━━ Data for the task
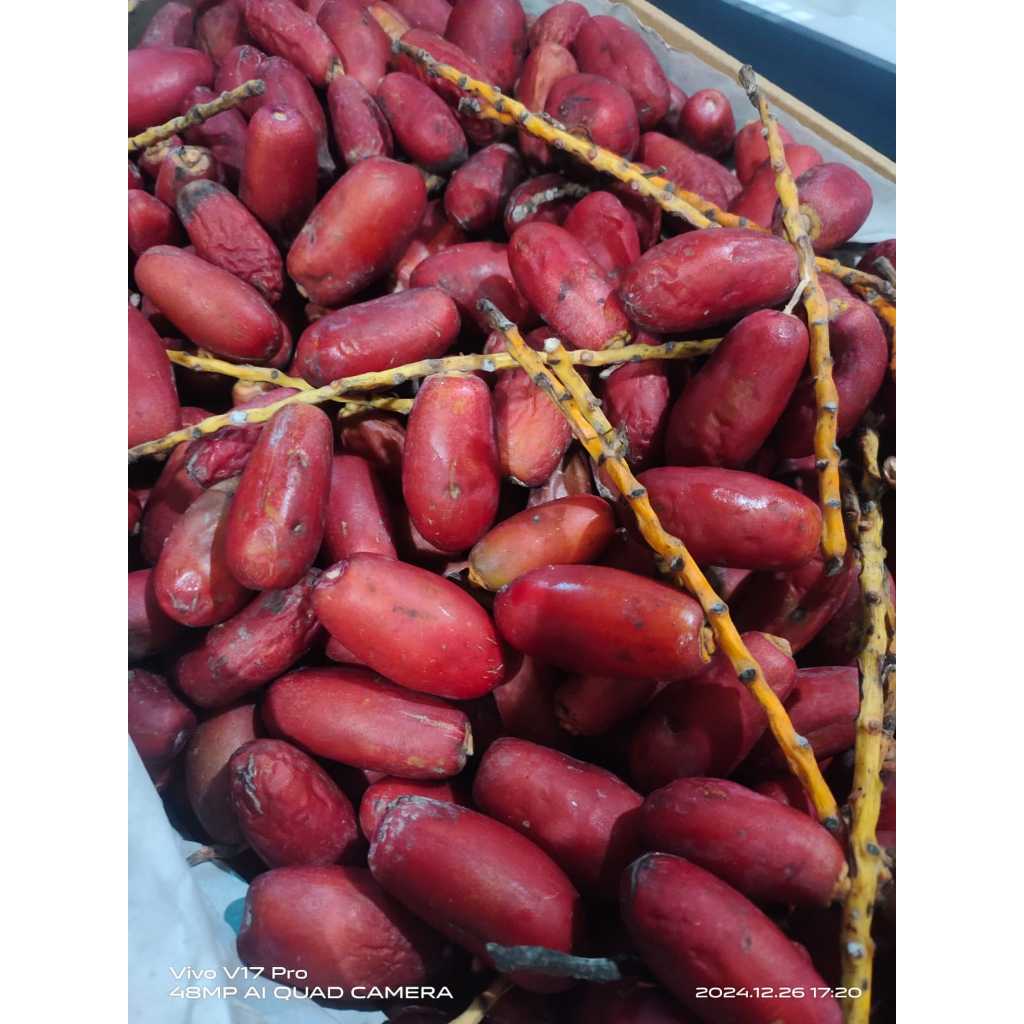 

Kurma Muda Merah Promil 100 gr Fresh Mengkel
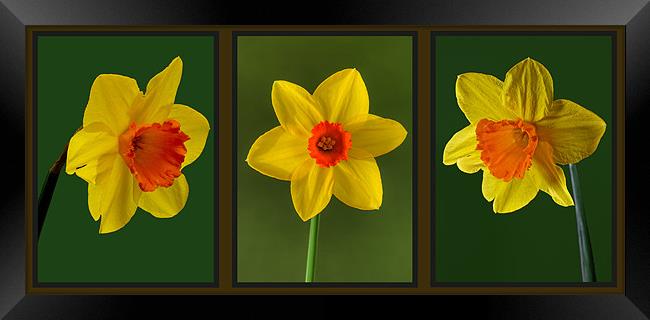 Daffodil Triptych Framed Print by Pete Hemington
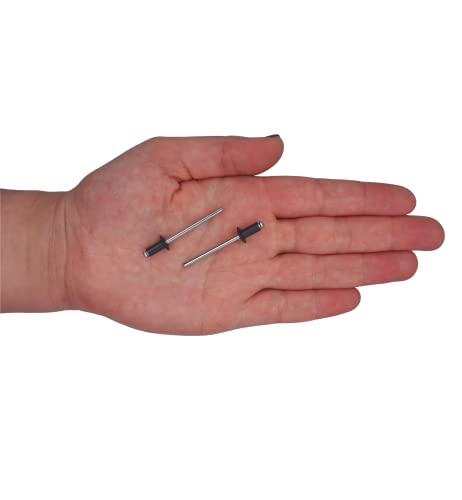 Marcopol (100 Stück) Lackierte Blindnieten 4,0 x 8 mm, Kuppelkopf, DIN 7337, Aluminiumniete und Stahldorn, Pop (100, Anthrazitgrau RAL 7016)
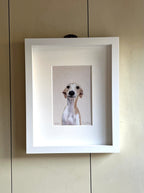 Whippet
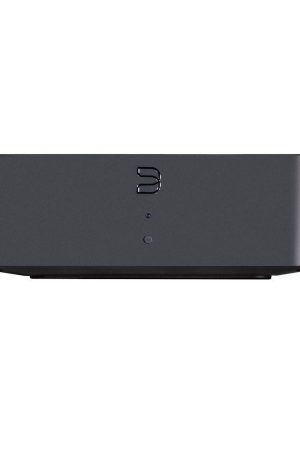 Bluesound Hub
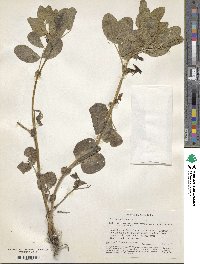 Vicia narbonensis image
━━━━
__Problem details__. All of the records above are to be printed exactly, with every picture omitted.

__Written response__.
Kurma Muda Merah Promil 100 gr Fresh Mengkel
 Daffodil Triptych Framed Print by Pete Hemington
 Marcopol (100 Stück) Lackierte Blindnieten 4,0 x 8 mm, Kuppelkopf, DIN 7337, Aluminiumniete und Stahldorn, Pop (100, Anthrazitgrau RAL 7016)
 Whippet
 Bluesound Hub
 Vicia narbonensis image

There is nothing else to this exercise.